Custer's ghost asks: Where have all the flowers gone?

Last week, the Wyoming Public Media page featured an article by Kamila Kudelska about a new book, Wyoming History in Art, compiled by the Wyoming State Historical Society. The book showcases paintings by Osage, Wyo., native Dave Paulley, who passed away in 2020. The paintings were commissioned in 1989 to celebrate the state's centennial. Historian Jeremy Johnston wrote the narratives that accompany the paintings. To buy a book, send an email to linda@wyshs.org

The WPM feature story showed one of the paintings, "Custer's Troops in Floral Valley, 1874." It shows troopers picking flowers and making bouquets. In the background, a wagon train rolls. At first, I thought it was a fanciful scene. "How interesting. The troopers killed at the Little Bighorn are picking flowers." I thought it might be some metaphor to what was to come two years later in another valley.

I hadn't yet read the book so I didn't know that it was a recreation of an historical scene. The soldiers are some of the 1,000-some that made up Custer's Black Hills Expedition. More than 100 wagons hauled supplies from Fort Abraham Lincoln near present-day Bismarck, N.D., down through northeast Wyoming and into the Black Hills. They encountered a flowered valley along the way. After weeks of barreling through the treeless plains of N.D., they were entranced by the wildflowers and stopped to pick them, make bouquets, and fashion wreaths for their mounts. 

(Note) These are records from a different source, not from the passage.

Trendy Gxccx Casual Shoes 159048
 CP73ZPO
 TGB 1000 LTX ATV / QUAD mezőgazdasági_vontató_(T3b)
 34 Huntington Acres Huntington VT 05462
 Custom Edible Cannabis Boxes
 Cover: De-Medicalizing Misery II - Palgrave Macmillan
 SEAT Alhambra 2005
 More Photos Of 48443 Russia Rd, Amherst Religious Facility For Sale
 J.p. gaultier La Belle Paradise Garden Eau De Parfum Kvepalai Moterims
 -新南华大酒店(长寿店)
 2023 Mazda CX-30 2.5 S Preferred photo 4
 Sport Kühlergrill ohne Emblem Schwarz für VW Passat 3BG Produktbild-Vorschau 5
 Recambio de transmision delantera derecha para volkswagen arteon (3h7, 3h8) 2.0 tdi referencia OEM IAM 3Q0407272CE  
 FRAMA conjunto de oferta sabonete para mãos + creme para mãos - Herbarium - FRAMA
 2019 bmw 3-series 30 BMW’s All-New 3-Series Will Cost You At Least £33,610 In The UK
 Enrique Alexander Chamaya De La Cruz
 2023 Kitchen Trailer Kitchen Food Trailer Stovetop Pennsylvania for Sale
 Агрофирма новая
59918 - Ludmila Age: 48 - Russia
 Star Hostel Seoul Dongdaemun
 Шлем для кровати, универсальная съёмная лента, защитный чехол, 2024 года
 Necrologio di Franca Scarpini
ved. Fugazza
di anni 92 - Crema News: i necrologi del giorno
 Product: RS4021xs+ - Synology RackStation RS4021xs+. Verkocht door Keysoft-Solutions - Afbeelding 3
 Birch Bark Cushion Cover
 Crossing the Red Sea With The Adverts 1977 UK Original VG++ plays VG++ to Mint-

I've lived in Wyoming 30 years and never heard this wonderful story. History is so filled with oddities. We see the echoes of those events down through our times. Custer was charged with exploring the area that hadn't yet been properly mapped by white folks. As an aside, Pres. Grant's staff mentioned that if he finds any gold, be sure to let The Great White Father know before telling anyone else.

Custer found gold among the wildflowers and all hell broke loose. A gold rush commenced and lands sacred to Lakota and other Plains tribes were invaded by rough men with demonic gleams in their eyes. Treaties had insured that the Black Hills wound remain in Indian hands. The Plains War erupted in earnest. It led to the pillaging of the Black Hills and the enmity of the tribes. Some 200 of the flower gatherers followed Custer into an ambush at what Native Americans call the Battle of Greasy Grass. 

It eventually led to the killing and atrocities that culminated at Wounded Knee. And the beat goes on.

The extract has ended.